I use it all the time on 4060 8 GB / Windows 11 and never face OOM issue. Processing 30s - 55s audio.
Can you share the config file. Did you modified width-height or any other settings. What is the length of audio?
Here is ./configs/prompts/animation.yaml:
## dependency models
pretrained_base_model_path: "./pretrained_weights/sd-image-variations-diffusers/"
pretrained_vae_path: "./pretrained_weights/sd-vae-ft-mse/"
audio_model_path: "./pretrained_weights/audio_processor/whisper_tiny.pt"
## echo mimic checkpoint
denoising_unet_path: "./pretrained_weights/denoising_unet.pth"
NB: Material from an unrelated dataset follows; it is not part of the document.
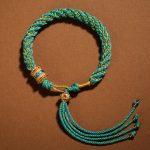 Buddha Stones Tibetan Handmade Luck Thangka Prayer Wheel Charm Weave String Bracelet Bracelet BS 20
reference_unet_path: "./pretrained_weights/reference_unet.pth"
face_locator_path: "./pretrained_weights/face_locator.pth"
motion_module_path: "./pretrained_weights/motion_module.pth"
## deonise model configs
inference_config: "./configs/inference/inference_v2.yaml"
weight_dtype: 'fp16'
## test cases
test_cases:
"./assets/test_imgs/a.png":
- "./assets/test_audios/echomimic_en.wav"
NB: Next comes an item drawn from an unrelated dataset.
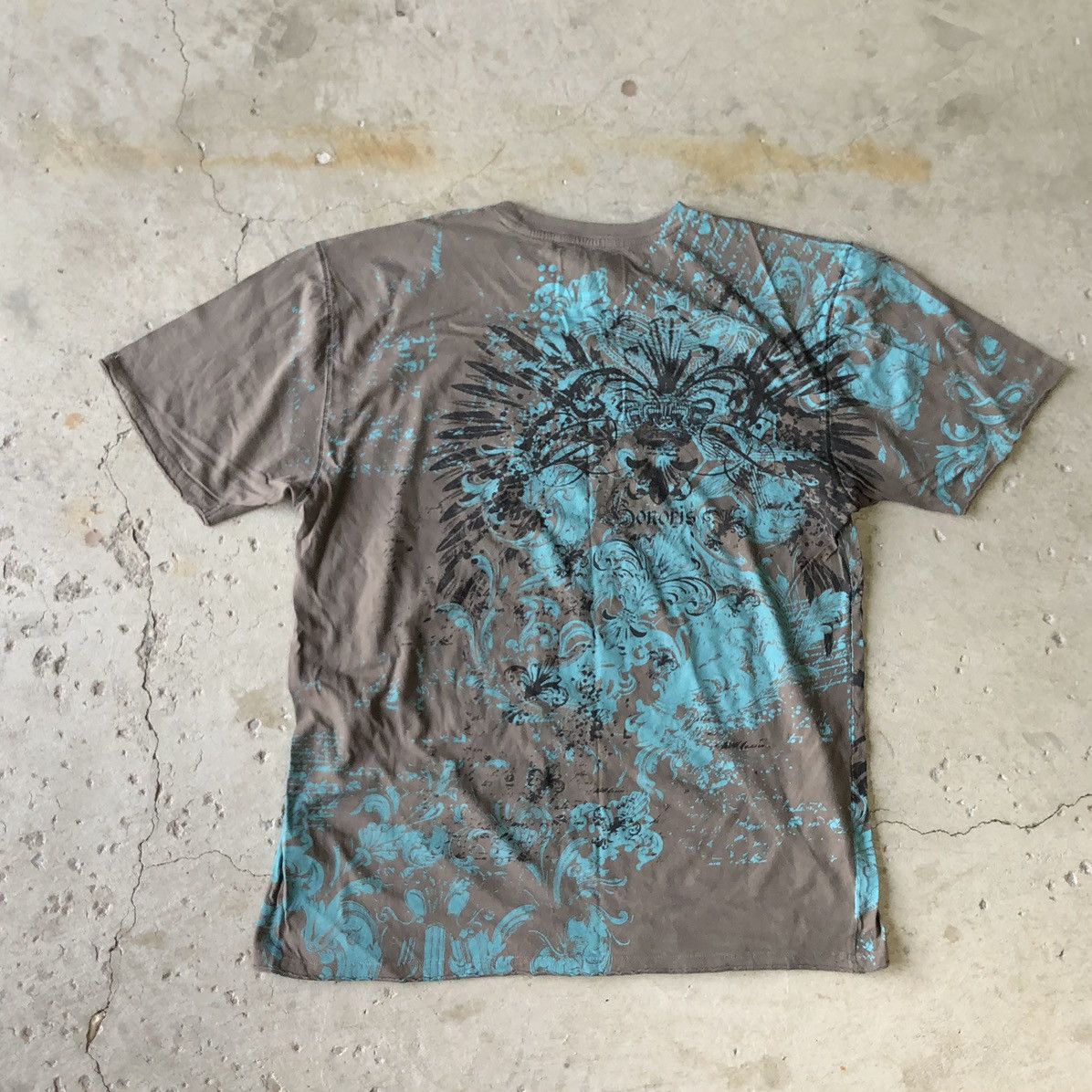 Affliction × Vintage Crazy Y2K Retro Fit Xtreme Couture MMA Style T Shirt Size US XL / EU 56 / 4 - 3 Thumbnail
# "./assets/test_imgs/b.png":
# - "./assets/test_audios/echomimic_en_girl.wav"
# "./assets/test_imgs/c.png":
# - "./assets/test_audios/echomimic_en_girl.wav"
# "./assets/test_imgs/d.png":
# - "./assets/test_audios/echomimic_en_girl.wav"
# "./assets/test_imgs/e.png":
# - "./assets/test_audios/echomimic_en.wav"
I did not change any other settings. The length of the audio echomimic_en.wav
is 5 sec.
Can you please try Accelerated version. python -u infer_audio2vid_acc.py
Just remove the extra audios and process only 1 audio. https://github.com/BadToBest/EchoMimic/blob/main/configs/prompts/animation_acc.yaml
It works! Why does the accelerated version script work? Thank you:)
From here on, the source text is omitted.